- Goal of the exercise: With the images set aside, retype every record below character for character.

Provided records below:

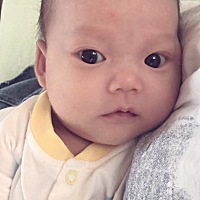 7.26顺产有侧切佩奇。开宫口疼到怀疑人生，好不容易来到三个上无痛。今天刚好一个月10天，秀秀我的...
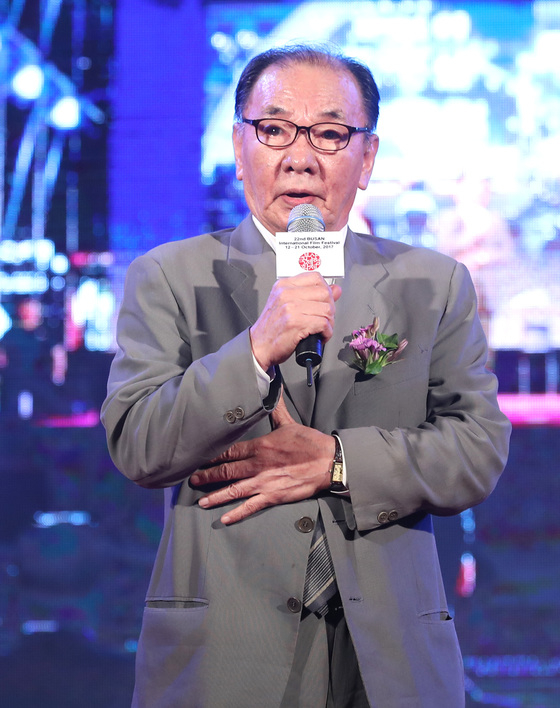 = 이두용 감독이 11일 오후 부산 남포동 BIFF 광장에서 열린 ‘제22회 부산국제영화제’ 전야제 행사에 참석해 인사말을 하고 있다. 2017.10.11./뉴스1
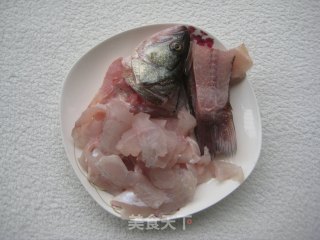 芜茜番茄炖鲈鱼的做法步骤：2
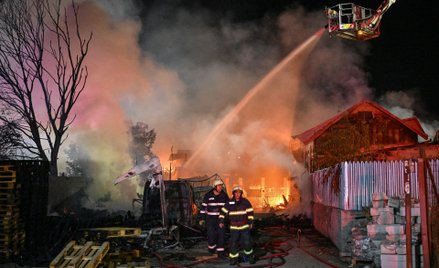 Strażacy walczący z pożarem w Crevedii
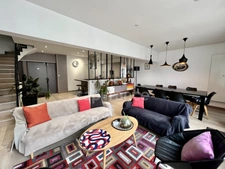 ORLEANS COEUR DE VILLE MARTROI-BANNIER, à vendre au dernier étage d'une petite copropriété, superbe appartement T7 avec terrasse, cave et placed e parking sécurisée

End of Provided records.

- The completed task:
 7.26顺产有侧切佩奇。开宫口疼到怀疑人生，好不容易来到三个上无痛。今天刚好一个月10天，秀秀我的...
 = 이두용 감독이 11일 오후 부산 남포동 BIFF 광장에서 열린 ‘제22회 부산국제영화제’ 전야제 행사에 참석해 인사말을 하고 있다. 2017.10.11./뉴스1
 芜茜番茄炖鲈鱼的做法步骤：2
 Strażacy walczący z pożarem w Crevedii
 ORLEANS COEUR DE VILLE MARTROI-BANNIER, à vendre au dernier étage d'une petite copropriété, superbe appartement T7 avec terrasse, cave et placed e parking sécurisée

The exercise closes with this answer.